*EXERCISE DIRECTIONS*
The response should consist solely of the lines running from the line with "With box and warranty card" to the end of the data, retyped exactly.

*PROVIDED RECORDS*
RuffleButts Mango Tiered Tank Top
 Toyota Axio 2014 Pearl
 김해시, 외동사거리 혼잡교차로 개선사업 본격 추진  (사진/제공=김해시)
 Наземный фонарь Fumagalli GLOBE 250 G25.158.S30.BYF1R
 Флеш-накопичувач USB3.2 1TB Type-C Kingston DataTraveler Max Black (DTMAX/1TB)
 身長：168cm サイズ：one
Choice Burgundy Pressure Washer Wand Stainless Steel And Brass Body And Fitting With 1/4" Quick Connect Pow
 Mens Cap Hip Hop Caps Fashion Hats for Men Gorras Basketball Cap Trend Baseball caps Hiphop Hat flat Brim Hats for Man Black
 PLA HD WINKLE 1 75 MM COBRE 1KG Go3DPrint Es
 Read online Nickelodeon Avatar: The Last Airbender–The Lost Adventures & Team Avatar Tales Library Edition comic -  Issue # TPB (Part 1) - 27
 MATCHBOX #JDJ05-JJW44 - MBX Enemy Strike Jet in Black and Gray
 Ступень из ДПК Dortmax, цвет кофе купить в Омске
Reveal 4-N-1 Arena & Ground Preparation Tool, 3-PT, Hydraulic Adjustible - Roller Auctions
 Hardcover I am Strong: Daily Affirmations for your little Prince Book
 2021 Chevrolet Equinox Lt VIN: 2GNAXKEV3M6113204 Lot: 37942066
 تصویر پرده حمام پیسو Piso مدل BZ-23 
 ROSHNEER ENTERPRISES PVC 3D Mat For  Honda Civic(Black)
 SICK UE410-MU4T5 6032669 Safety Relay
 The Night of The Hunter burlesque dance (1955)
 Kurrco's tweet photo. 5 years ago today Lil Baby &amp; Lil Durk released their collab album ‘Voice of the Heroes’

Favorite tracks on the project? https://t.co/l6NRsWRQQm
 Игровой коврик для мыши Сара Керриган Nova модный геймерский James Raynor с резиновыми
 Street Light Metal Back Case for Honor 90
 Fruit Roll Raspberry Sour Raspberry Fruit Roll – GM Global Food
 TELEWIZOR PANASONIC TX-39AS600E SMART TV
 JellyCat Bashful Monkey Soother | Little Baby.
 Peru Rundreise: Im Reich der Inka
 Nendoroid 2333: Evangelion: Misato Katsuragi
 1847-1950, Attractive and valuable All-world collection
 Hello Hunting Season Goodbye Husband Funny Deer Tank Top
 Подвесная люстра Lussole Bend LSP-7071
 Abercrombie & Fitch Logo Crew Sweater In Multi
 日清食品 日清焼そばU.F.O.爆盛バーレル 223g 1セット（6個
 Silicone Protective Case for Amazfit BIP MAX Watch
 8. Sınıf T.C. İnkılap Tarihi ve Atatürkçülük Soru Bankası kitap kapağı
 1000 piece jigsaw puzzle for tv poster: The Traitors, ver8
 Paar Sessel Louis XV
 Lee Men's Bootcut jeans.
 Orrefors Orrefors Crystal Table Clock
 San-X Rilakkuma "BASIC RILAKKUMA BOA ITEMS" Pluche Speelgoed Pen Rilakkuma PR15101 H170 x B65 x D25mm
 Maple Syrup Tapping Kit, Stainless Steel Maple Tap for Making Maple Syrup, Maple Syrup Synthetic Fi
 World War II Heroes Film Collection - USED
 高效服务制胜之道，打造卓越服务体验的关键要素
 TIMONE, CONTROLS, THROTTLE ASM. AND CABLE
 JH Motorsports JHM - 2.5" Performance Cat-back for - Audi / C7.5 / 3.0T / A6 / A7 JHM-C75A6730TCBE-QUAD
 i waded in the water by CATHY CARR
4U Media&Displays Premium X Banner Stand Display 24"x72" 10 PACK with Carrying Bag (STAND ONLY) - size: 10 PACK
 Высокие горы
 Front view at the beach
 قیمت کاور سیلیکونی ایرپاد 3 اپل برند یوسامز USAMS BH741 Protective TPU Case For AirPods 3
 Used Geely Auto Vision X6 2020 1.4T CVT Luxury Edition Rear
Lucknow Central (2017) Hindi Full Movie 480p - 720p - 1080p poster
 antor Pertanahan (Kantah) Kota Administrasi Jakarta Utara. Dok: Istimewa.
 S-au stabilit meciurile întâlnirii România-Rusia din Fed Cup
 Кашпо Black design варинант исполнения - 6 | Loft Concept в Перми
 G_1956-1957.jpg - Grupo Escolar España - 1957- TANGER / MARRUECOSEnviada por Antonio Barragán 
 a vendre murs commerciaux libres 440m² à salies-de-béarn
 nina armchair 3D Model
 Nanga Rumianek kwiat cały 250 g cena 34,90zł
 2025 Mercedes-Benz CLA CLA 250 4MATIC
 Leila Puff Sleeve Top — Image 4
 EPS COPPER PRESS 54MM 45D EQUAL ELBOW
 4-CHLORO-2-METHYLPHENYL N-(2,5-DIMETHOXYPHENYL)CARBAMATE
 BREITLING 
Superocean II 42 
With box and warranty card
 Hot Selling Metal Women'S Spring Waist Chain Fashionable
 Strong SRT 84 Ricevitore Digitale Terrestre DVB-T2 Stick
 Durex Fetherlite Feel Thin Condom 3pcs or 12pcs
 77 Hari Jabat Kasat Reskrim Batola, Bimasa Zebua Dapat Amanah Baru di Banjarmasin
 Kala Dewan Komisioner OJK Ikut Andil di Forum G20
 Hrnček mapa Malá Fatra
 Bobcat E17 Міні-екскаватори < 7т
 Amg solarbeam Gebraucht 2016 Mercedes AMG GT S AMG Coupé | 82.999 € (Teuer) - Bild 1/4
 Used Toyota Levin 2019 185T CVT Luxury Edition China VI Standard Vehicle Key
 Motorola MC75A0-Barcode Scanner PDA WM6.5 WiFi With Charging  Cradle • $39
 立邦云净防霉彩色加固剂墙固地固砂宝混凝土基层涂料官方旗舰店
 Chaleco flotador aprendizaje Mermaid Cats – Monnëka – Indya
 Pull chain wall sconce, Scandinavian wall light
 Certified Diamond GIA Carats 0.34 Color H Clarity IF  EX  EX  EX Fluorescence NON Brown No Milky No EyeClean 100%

*WRITTEN RESPONSE*
With box and warranty card
 Hot Selling Metal Women'S Spring Waist Chain Fashionable
 Strong SRT 84 Ricevitore Digitale Terrestre DVB-T2 Stick
 Durex Fetherlite Feel Thin Condom 3pcs or 12pcs
 77 Hari Jabat Kasat Reskrim Batola, Bimasa Zebua Dapat Amanah Baru di Banjarmasin
 Kala Dewan Komisioner OJK Ikut Andil di Forum G20
 Hrnček mapa Malá Fatra
 Bobcat E17 Міні-екскаватори < 7т
 Amg solarbeam Gebraucht 2016 Mercedes AMG GT S AMG Coupé | 82.999 € (Teuer) - Bild 1/4
 Used Toyota Levin 2019 185T CVT Luxury Edition China VI Standard Vehicle Key
 Motorola MC75A0-Barcode Scanner PDA WM6.5 WiFi With Charging  Cradle • $39
 立邦云净防霉彩色加固剂墙固地固砂宝混凝土基层涂料官方旗舰店
 Chaleco flotador aprendizaje Mermaid Cats – Monnëka – Indya
 Pull chain wall sconce, Scandinavian wall light
 Certified Diamond GIA Carats 0.34 Color H Clarity IF  EX  EX  EX Fluorescence NON Brown No Milky No EyeClean 100%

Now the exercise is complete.